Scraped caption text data
========================================

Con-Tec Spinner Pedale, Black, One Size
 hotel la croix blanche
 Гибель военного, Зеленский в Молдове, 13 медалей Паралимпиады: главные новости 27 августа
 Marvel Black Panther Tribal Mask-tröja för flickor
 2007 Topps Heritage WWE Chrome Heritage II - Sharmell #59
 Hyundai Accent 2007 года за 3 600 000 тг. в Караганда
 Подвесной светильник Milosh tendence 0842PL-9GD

========================================

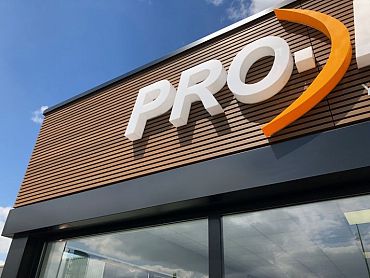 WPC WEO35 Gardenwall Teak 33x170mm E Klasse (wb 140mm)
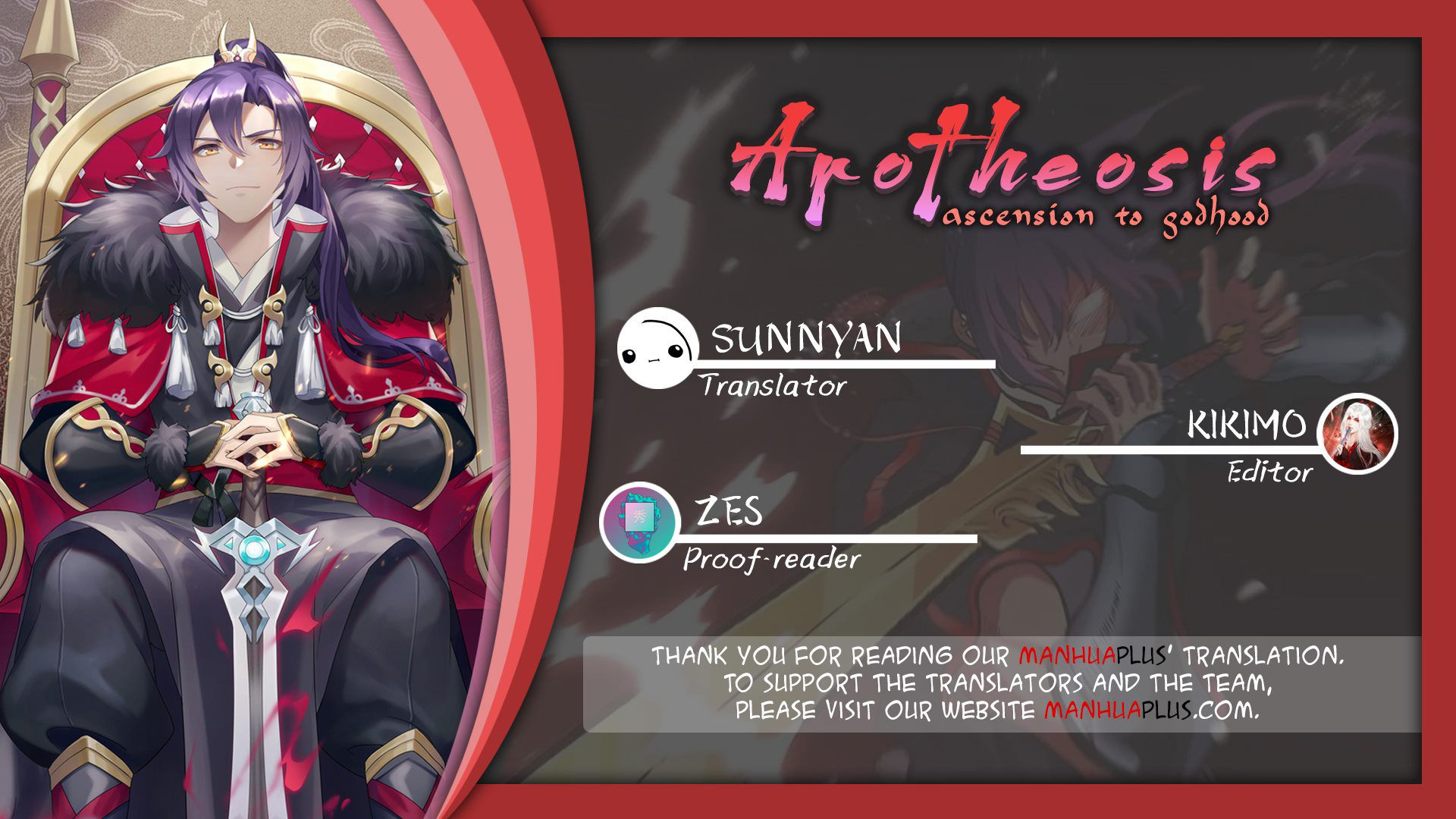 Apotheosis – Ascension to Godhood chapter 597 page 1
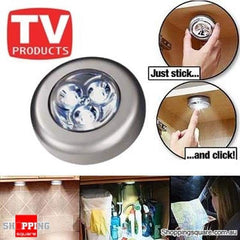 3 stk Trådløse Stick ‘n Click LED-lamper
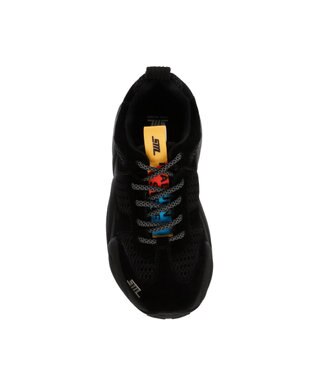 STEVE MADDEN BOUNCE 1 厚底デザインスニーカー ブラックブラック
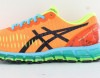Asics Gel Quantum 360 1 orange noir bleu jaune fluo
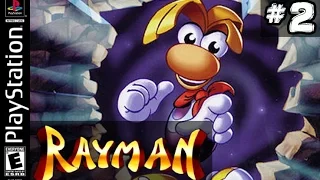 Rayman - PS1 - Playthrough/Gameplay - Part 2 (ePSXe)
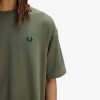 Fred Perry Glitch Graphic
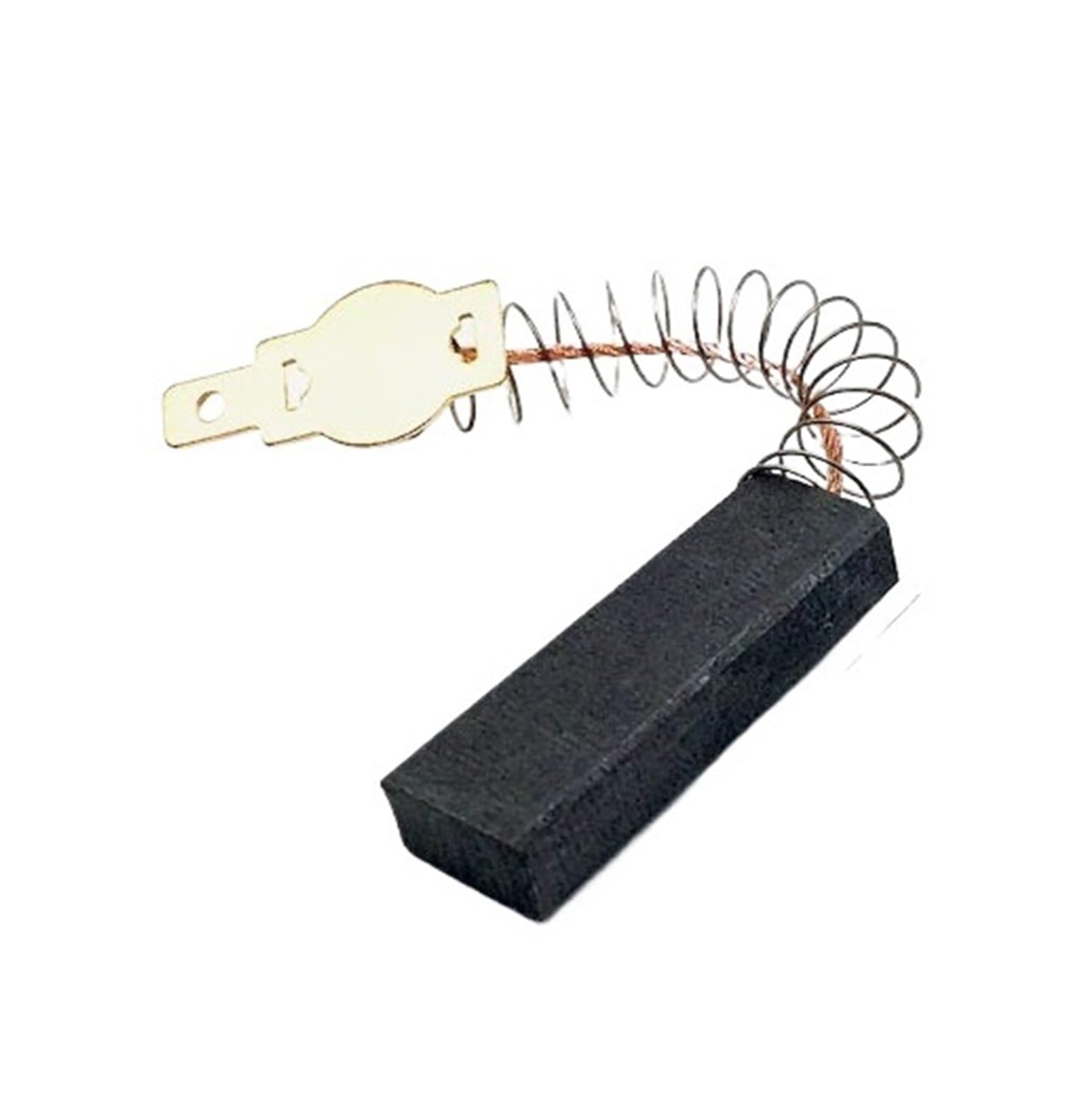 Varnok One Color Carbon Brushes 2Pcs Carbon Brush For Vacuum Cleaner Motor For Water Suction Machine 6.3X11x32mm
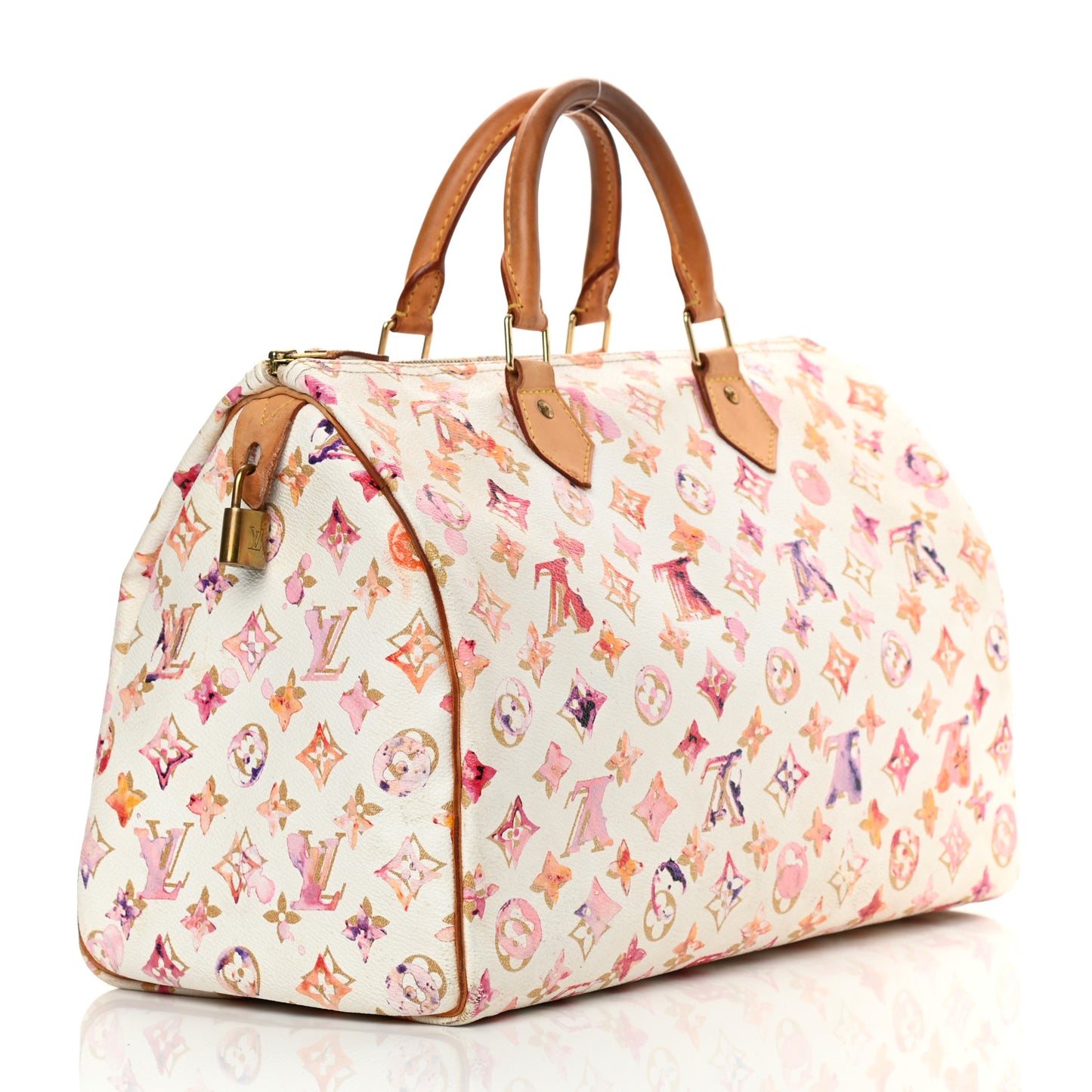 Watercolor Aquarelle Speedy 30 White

========================================

Exercise directions: Take the line above containing "hotel la croix blanche", the line containing "Подвесной светильник Milosh", and all lines in between, and copy them exactly without anything else.

Response to this task:
 hotel la croix blanche
 Гибель военного, Зеленский в Молдове, 13 медалей Паралимпиады: главные новости 27 августа
 Marvel Black Panther Tribal Mask-tröja för flickor
 2007 Topps Heritage WWE Chrome Heritage II - Sharmell #59
 Hyundai Accent 2007 года за 3 600 000 тг. в Караганда
 Подвесной светильник Milosh tendence 0842PL-9GD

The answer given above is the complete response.